When I print a 10mm cube directly on the build platform, does the printer scale the size up slightly to account for post-curing shrinkage? Or should I expect the “green” part to always come out 10mm x 10mm on the platform regardless of which resin is used?
e.g. After some rough measurements I determined my cubes printed in Black v4 resin shrink an average of 0.3% in X and Y after 30 minutes of curing at 60°C.
I’m doing X/Y Fine Tuning and need to know if I should be targeting the green or post-cured dimension (i.e. whether the boxes should be 10mm or 10.03mm when still attached to the build platform).
Formlabs targets dimensional accuracy for resins following the recommended post-cure schedule for each resin.
In other words, when your printer is in tune, and you specify a 10mm cube in CAD, and print that in Black v4 resin, it should measure very very close to 10mm after it is post-cured.
I don’t suppose you can share the X/Y correction factors for the various resins?

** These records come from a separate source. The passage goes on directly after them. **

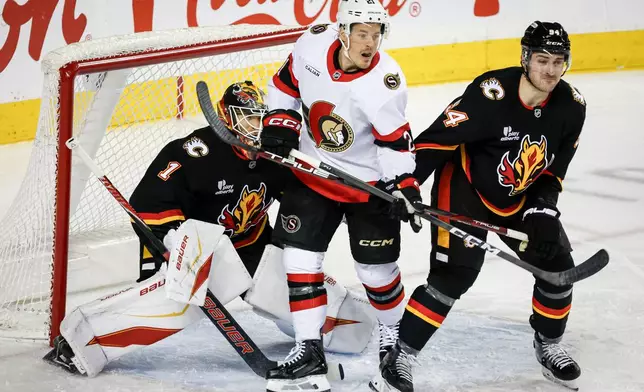 Ottawa Senators' Nick Cousins, centre, is checked by Calgary Flames' Brayden Pachal, right, in front of goalie Devin Cooley during the second period of an NHL hockey game in Calgary on Thursday, March 5, 2026. (Jeff McIntosh/The Canadian Press via AP)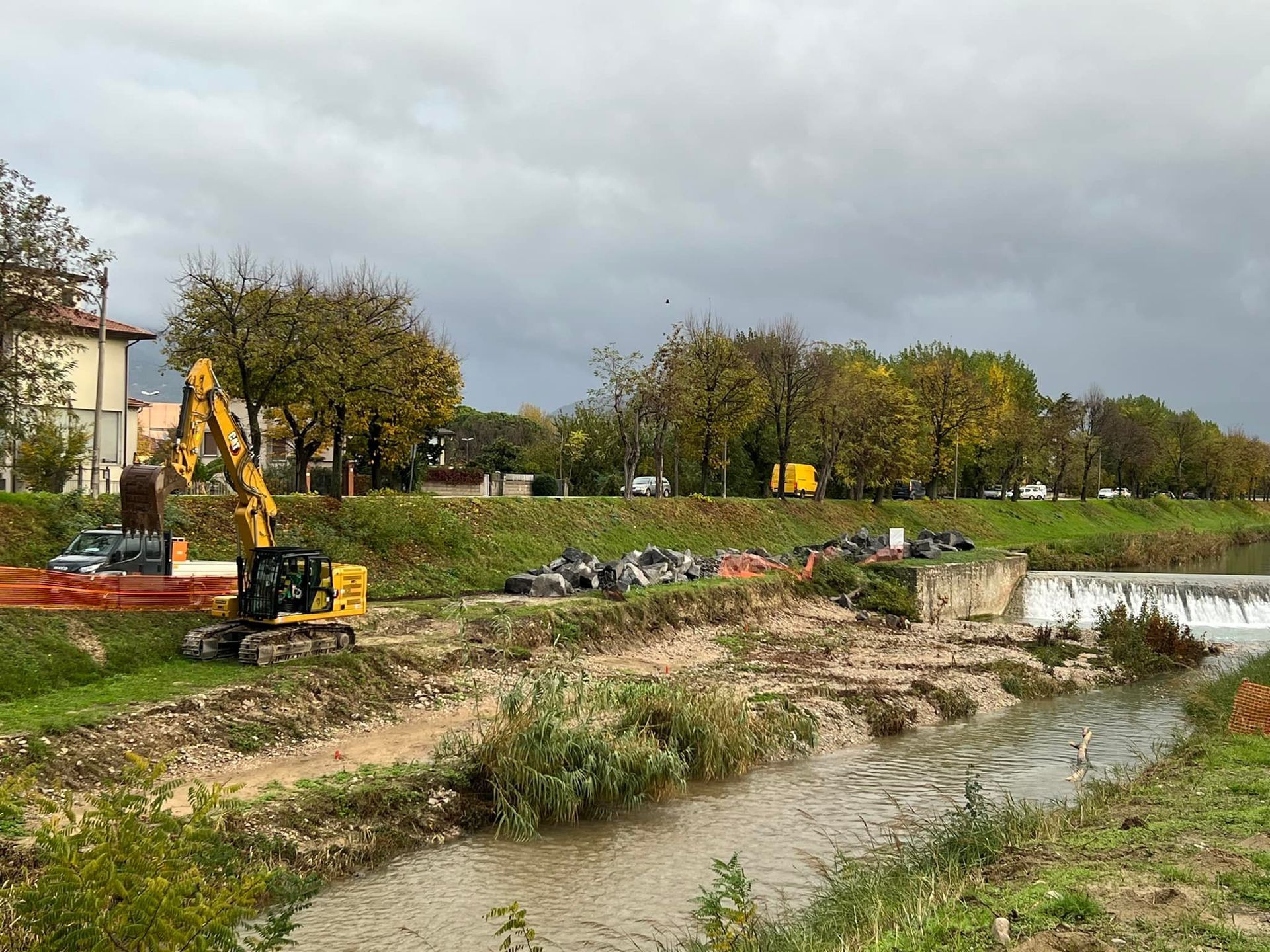 Lavori in corso lungo la riva di un fiume, con un escavatore, detriti e una piccola cascata sotto un cielo nuvoloso.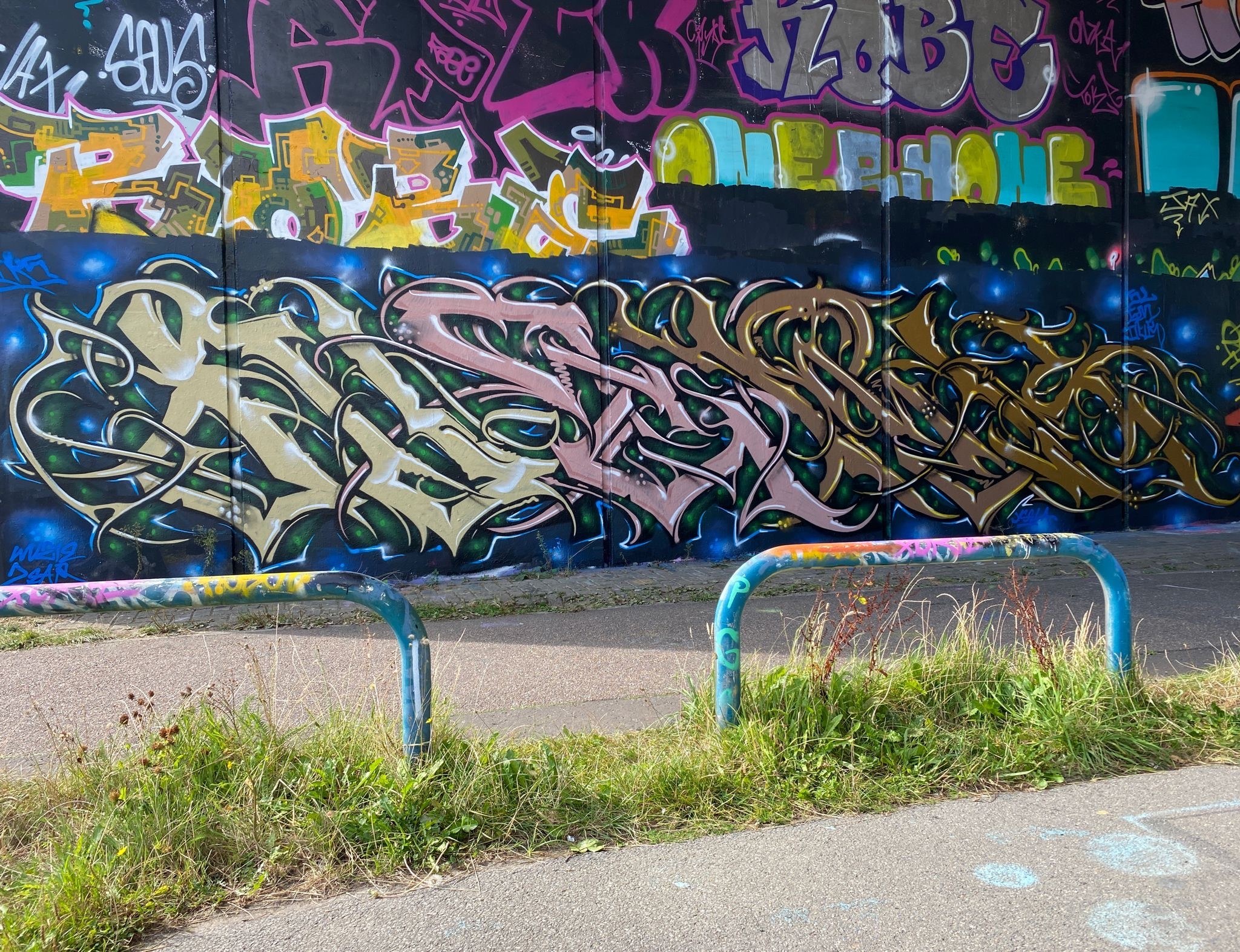 Two bicycle racks in front of a wall heavily decorated with street art.
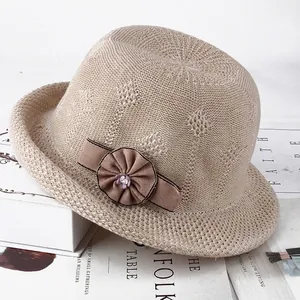 Elegant dark beige knit sun hat with floral bow detail on a fashion magazine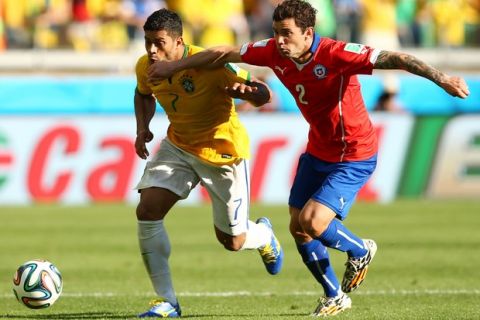 BELO HORIZONTE, BRAZIL - JUNE 28: Eugenio Mena of Chile challenges Hulk of Brazil during the 2014 FIFA World Cup Brazil round of 16 match between Brazil and Chile at Estadio Mineirao on June 28, 2014 in Belo Horizonte, Brazil.  (Photo by Quinn Rooney/Getty Images)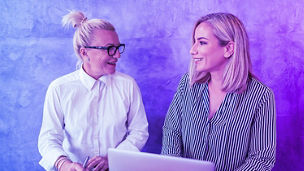 Two collegues laughing, with laptop and notebook in hand
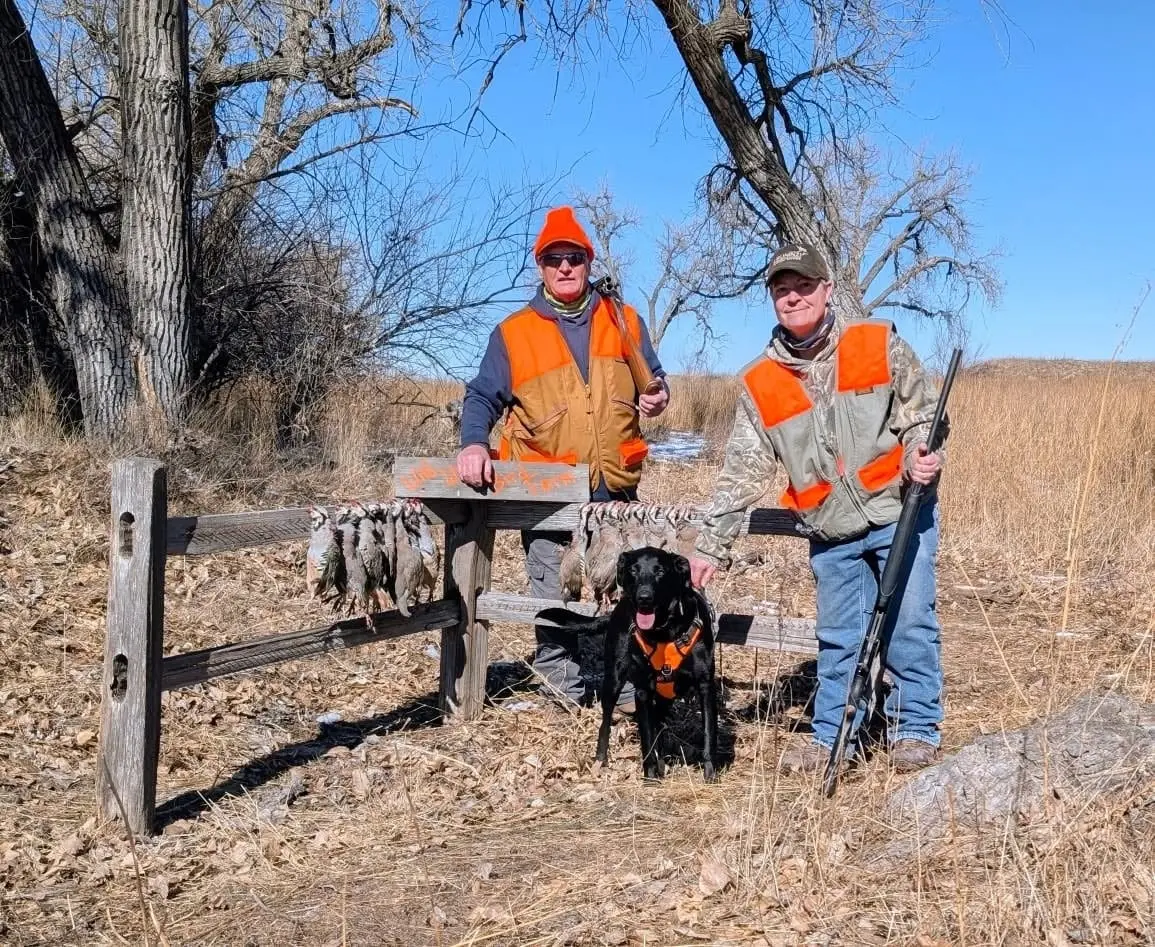 Two hunters and a black dog pose with harvested chukar hanging on a wooden fence in a field.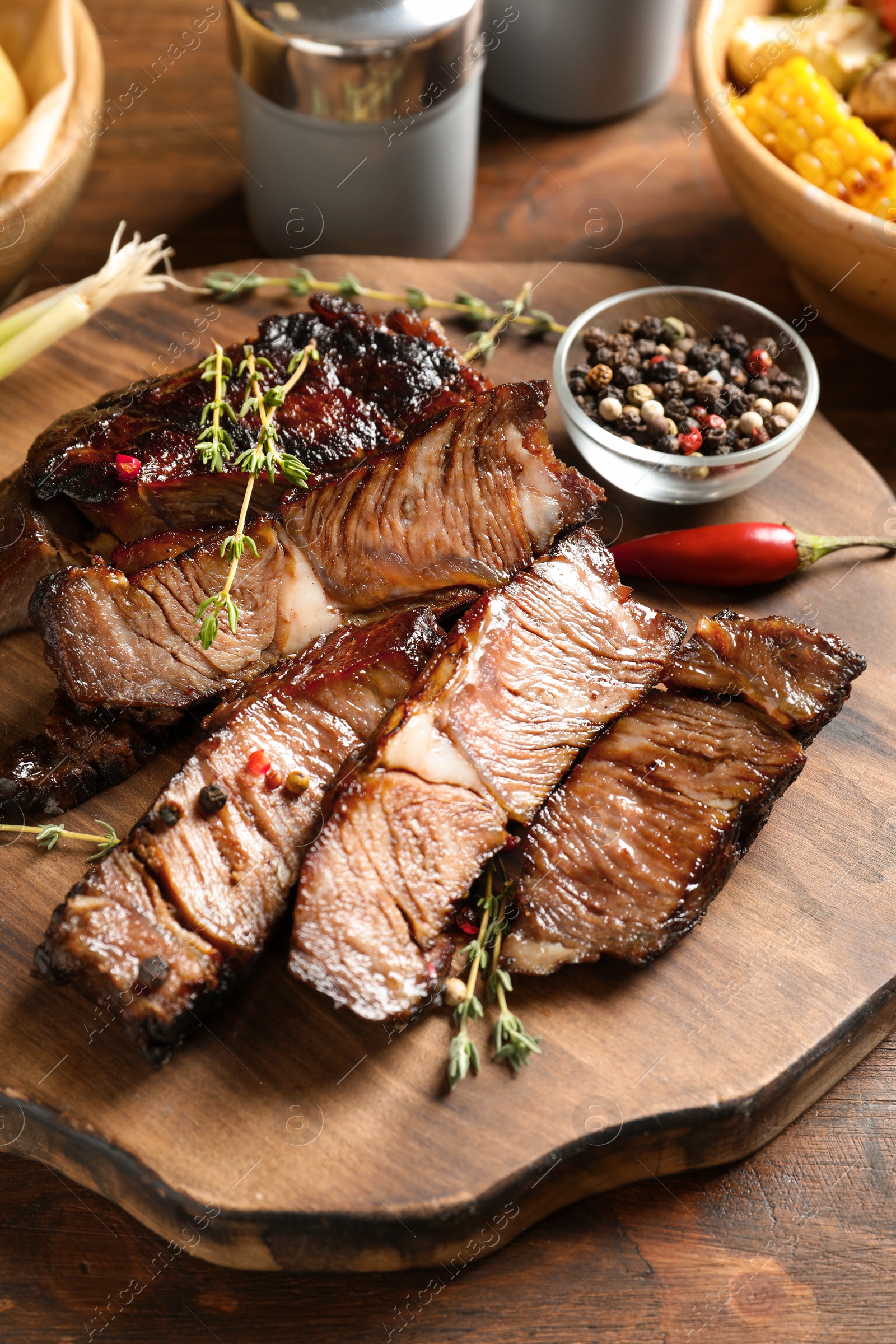 Photo of Serving board with delicious barbecued steak and spices on wooden table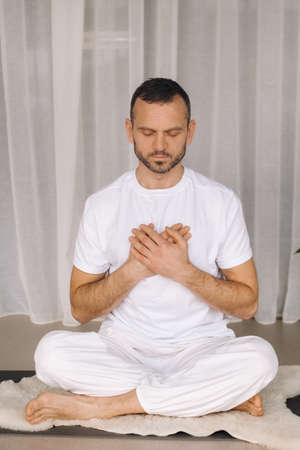 a man in white sportswear is doing yoga with a fitness room. the concept of a healthy lifestyle.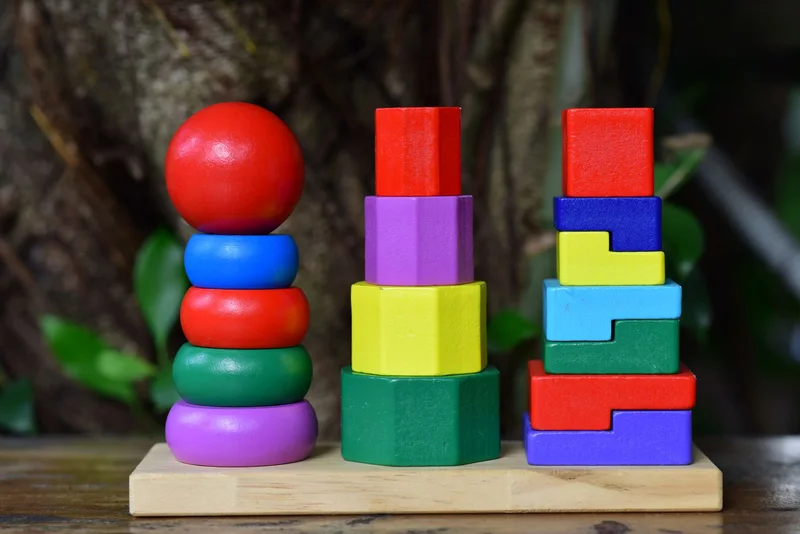 A colourful wooden stacking toy set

If I knew exactly what width (X) and length (Y) the laser is supposed to be tracing across the layer, I could dial into the target without any error introduced from post-curing variance.
Even just knowing I’m close at 0.3% for Black would be helpful. Thanks!
Yes, the recommended times, not the full-cure times. But if you prefer to do the full cure on your Black v4 parts and that’s all you print, you could fine-tune it or calibrate it to that instead, or whatever resin/cure schedule you want.
I don’t think I can give you anything Formlabs doesn’t publish on the spec sheet. What I can say is that Formlabs uses the same kinds of methods to calibrate resins - print an object, measure it, do some math, re-size the object, print it again, and so forth. So you should be able to arrive at good correction numbers for your Form 2 by doing exactly what you’ve been doing - printing cubes with a known size, and then measuring them after post-curing to see how close they are to that size.
In my experience post-cure parts are roughly 3% smaller than expected using standard resins.
That said, it may have changed since PreForm has been updated, and with the new firmware updates. I have not run my tests in about a year.
Moreover, shrinkage will not be uniform. It will be different in the directions of the layers, and the transverse layer direction. And that’s just local. Globally you can get significantly more twisting as one local shrinking can compound the deformation globally.